I stumbled across a guy from WA state who was selling produce and also had some 55 gal barrels that had been used for "mint" oil? Anyone have any input or experience with using these barrels for water storage?
He wants $34 for them as he brings them to my area when he is here selling produce. I researched the barrels and they are made overseas. They are HDPE and are food grade. They have (2) bungs about 2" in size. He says that US fittings won't work in them as they are Mfg overseas and aren't compatible with standard US IPS fittings to use a pump? 

Anyone have any info or experience with these barrels?

Thanks in advance for responses,

Montana


----------



## BlackDogWV (Jun 3, 2013)

That seems like a high price for those. Being in WA state are you near any apple processing companies? Whithouse Apple is near me over in VA and I hear ghey sell barrels for $5 apiece. Also, look into places that can jams and jellies.
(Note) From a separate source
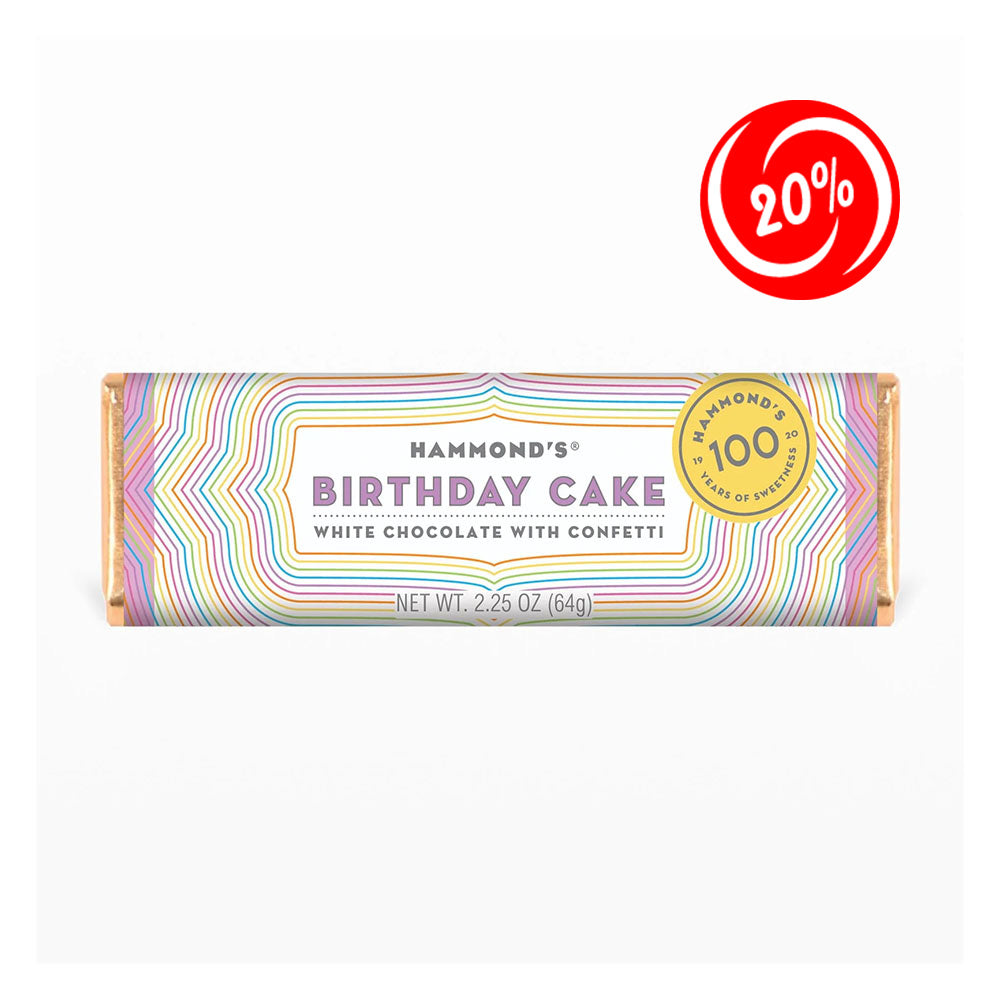 (EXPIRATION: 30/10/2024) - Hammond's - Birthday Cake Chocolate Bar - 12/64g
We have one near here that also sells them for $5. At least that's what I've been told.


----------



## Dakine (Sep 4, 2012)

That price is near double what it should be for generic used barrels and I do not know what "mint oil" is so that may make them even less desirable. Here and in AZ I've bought used blue and green barrels which were used once and only for food grade shipping of items... and both times it was $18 per used barrel. And in both cases they'd pre-rinsed the barrels with a soap solution and when i got them home I washed them out again with bleach and tap water 

I'd avoid those barrels if it were me, if it were your ONLY opportunity, then I'd consider it, but otherwise the price is extremely high (double) from my personal experience buying in CA and AZ.


----------



## fyrediver (Sep 16, 2013)

Mint oil is just that-- mint oil. Quite a few large mint farms in Eastern Washington. 

The issue is that you'll never get that scent and flavor out of the barrels. It will leach into any water stored in them.


----------



## mtexplorer (Dec 14, 2012)

Thanks for the responses, looks like I'll be avoiding this venue of barrel buying, appreciate all the feedback, is invaluable to get extra input on these things, thanks to all


----------